▸ WHAT TO WORK ON
The data below contains pictures, which are to be skipped; the lines starting at the line with "Goodyear EfficientGrip Performance" and ending at the line with "Happy New Year! ❄" are to be output exactly, both ends included.

▸ DATASET EXCERPTS
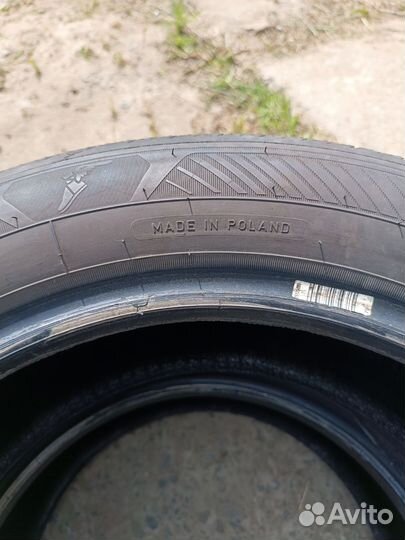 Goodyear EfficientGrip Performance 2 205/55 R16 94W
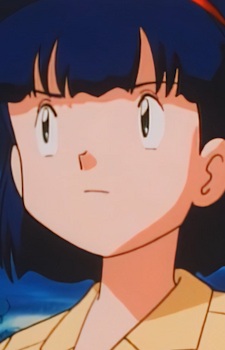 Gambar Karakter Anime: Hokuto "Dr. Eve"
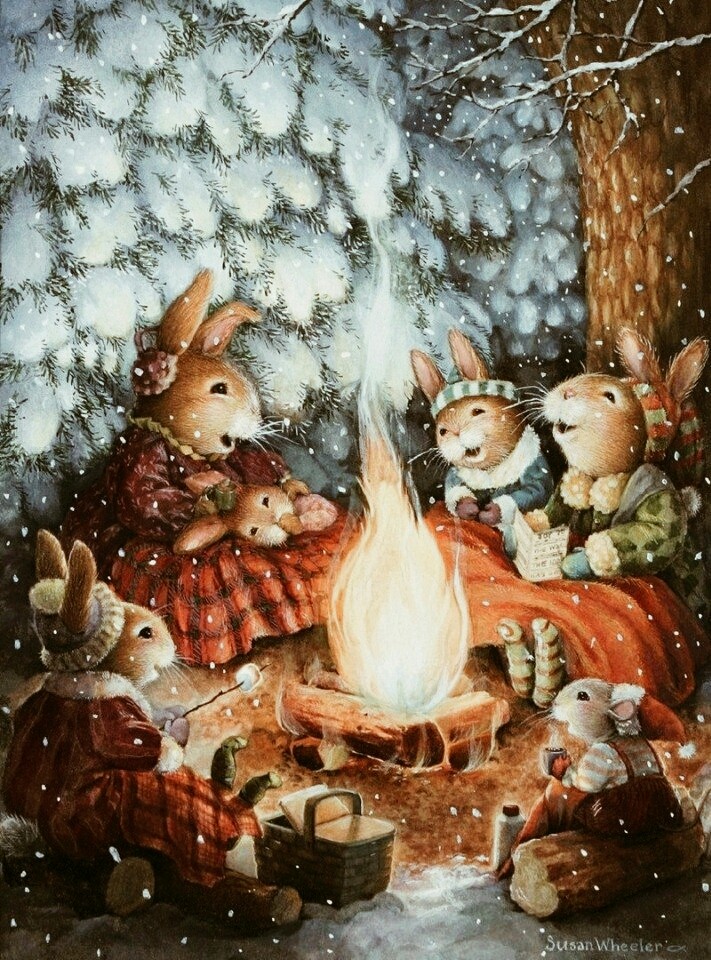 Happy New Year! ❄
...
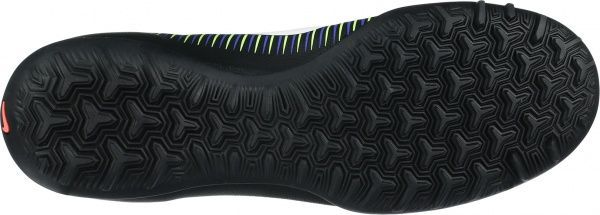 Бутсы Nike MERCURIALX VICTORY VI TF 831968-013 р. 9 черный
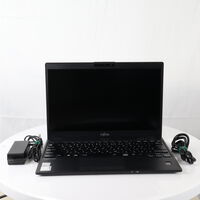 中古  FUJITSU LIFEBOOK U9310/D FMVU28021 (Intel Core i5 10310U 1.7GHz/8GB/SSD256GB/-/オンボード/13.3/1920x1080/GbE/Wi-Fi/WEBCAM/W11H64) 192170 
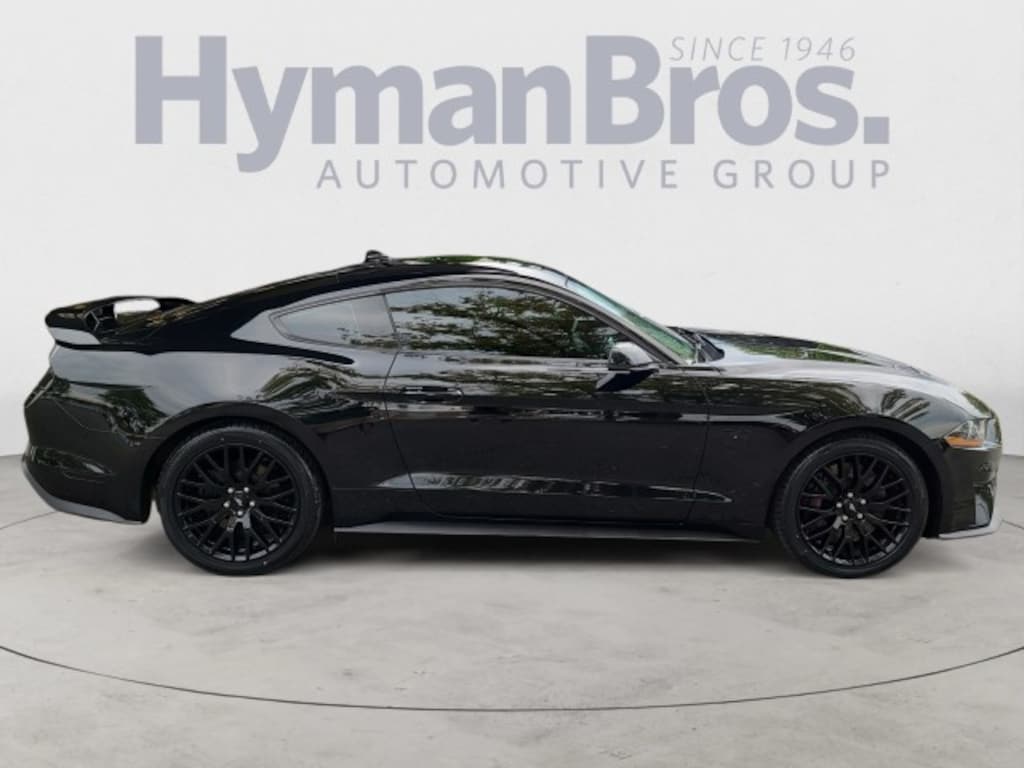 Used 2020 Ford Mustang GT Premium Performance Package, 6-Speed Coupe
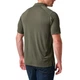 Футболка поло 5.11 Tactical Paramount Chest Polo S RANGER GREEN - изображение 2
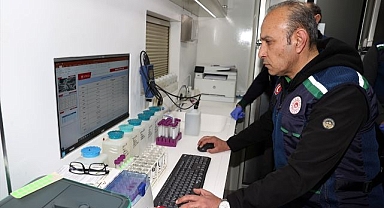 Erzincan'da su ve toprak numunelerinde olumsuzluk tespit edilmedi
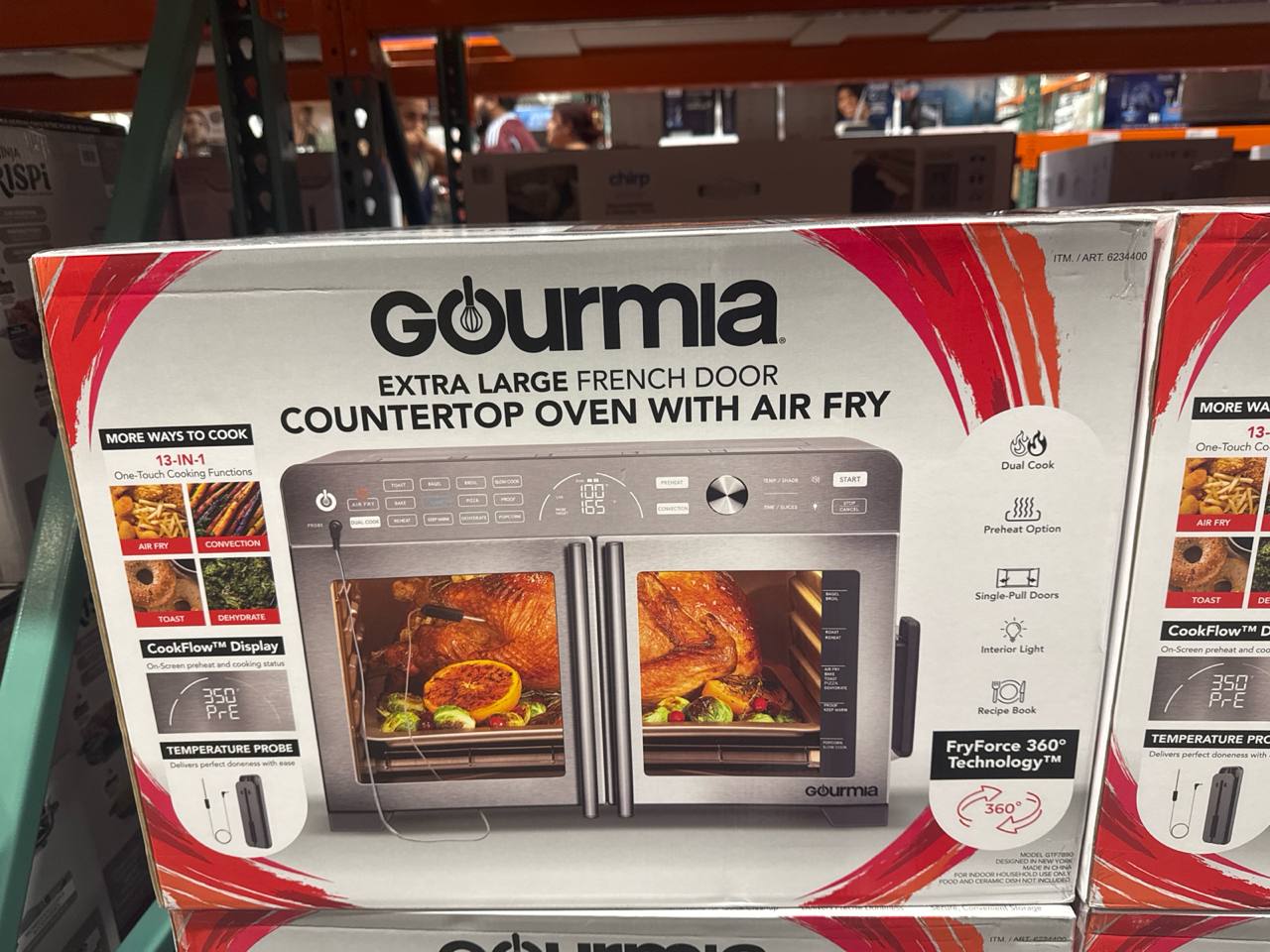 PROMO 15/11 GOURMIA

▸ EXERCISE RESPONSE
 Goodyear EfficientGrip Performance 2 205/55 R16 94W
 Gambar Karakter Anime: Hokuto "Dr. Eve"
 Happy New Year! ❄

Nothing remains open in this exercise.